- Court: Court of Appeals for the Second Circuit
- Full case name: Luis Arnaud v. Doctors Associates, Inc. d/b/a Subway
- Decided: September 15, 2020

= Luis Arnaud v. Doctors Associates =

Luis Arnaud v. Doctors Associates, Inc. d/b/a Subway, Case No. 19-3057-cv, was a case decided by the U.S. Court of Appeals for the Second Circuit that found an arbitration clause did not apply because the terms and conditions were not reasonably conspicuous and clear on a promotional webpage.

The U.S. District Court for the Eastern District of New York found that "because the Subway webpage was relatively cluttered, did not use a conspicuous size or font for the terms and conditions link, and did not provide language informing the user that by clicking "I'M IN" the user was agreeing to anything other than the receipt of a coupon, the user would not have been on inquiry notice of the arbitration provision."

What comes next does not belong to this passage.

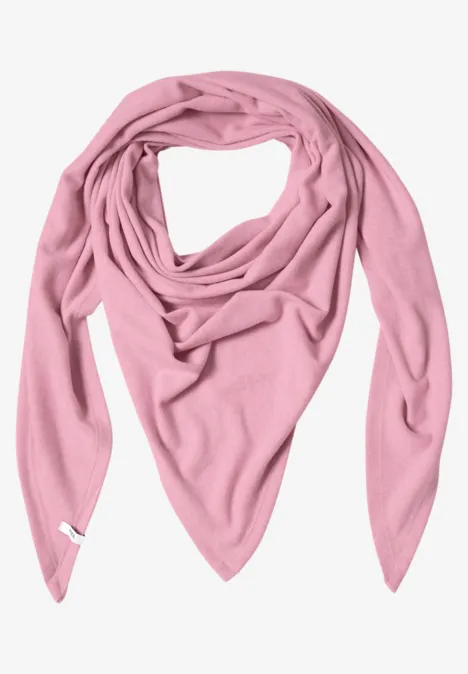 Foulard triangulaire uni mellow rose melange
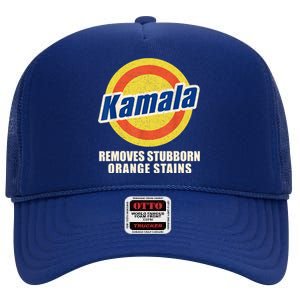 Vote Remove Stubborn Orange Stains Harris Kamala Harris Ryan Reynolds High Crown Mesh Back Trucker Hat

The ruling was appealed, and the Court of Appeals for the Second Circuit affirmed the lower court's decision, writing, "A reasonable user would not find the terms and conditions link contained on the page to be conspicuous, since the link was at the bottom of the page, in relatively small font, and was introduced by no language other than the shorthand "T&Cs." A reasonable user would therefore not recognize that by clicking "I'M IN" he agreed to be bound by those terms and conditions."

== Background ==
In October 2016 Luis Arnaud visited the Subway sandwich restaurant and made a purchase. The receipt from Arnaud's meal stated that Arnaud could get "a discount/free item" if he took an electronic survey following his visit. Arnaud took the survey, which asked him for personal information including his telephone number and ZIP code. Arnaud states that he provided his mobile phone number in order to receive a discounted or free item, but insists that he never consented to receiving promotional text messages from Subway. Arnaud subsequently received hundreds of text messages from the restaurant.

Subway contends that Arnaud signed up to receive text offers from Subway, and that he "reaffirmed his assent" via text message. The promotional webpage included two links, one labelled "T&Cs" and the other labelled "Privacy." Clicking on the link labelled "T&Cs" was taken to a document titled "TERMS AND CONDITIONS."

In September 2019 Arnaud filed suite in U.S. District Court for the Eastern District of New York alleging violations of the Telephone Consumer Protection Act. Subway moved to compel arbitration of the dispute, arguing that "Arnaud had agreed to arbitrate any claims against Subway at the moment he entered his phone number on a promotional page of Subway’s website and then clicked a button labeled "I'M IN" in order to receive a free sandwich." Subway claimed the action "constituted assent to the terms and conditions contained on a separate webpage that was accessible via a hyperlink on the promotional page."

The District Court denied the motion because "no arbitration agreement existed between the parties since the terms and conditions were not reasonably clear and conspicuous on the promotional page itself." Subway appealed arguing that Judge Nicholas Garaufis applied the wrong standard in evaluating whether the terms and conditions were reasonably clear and conspicuous to Arnaud; and ... that Arnaud did not provide sufficient evidence, in the form of an affidavit or otherwise, to create a factual dispute over whether he manifested his assent to the terms and conditions."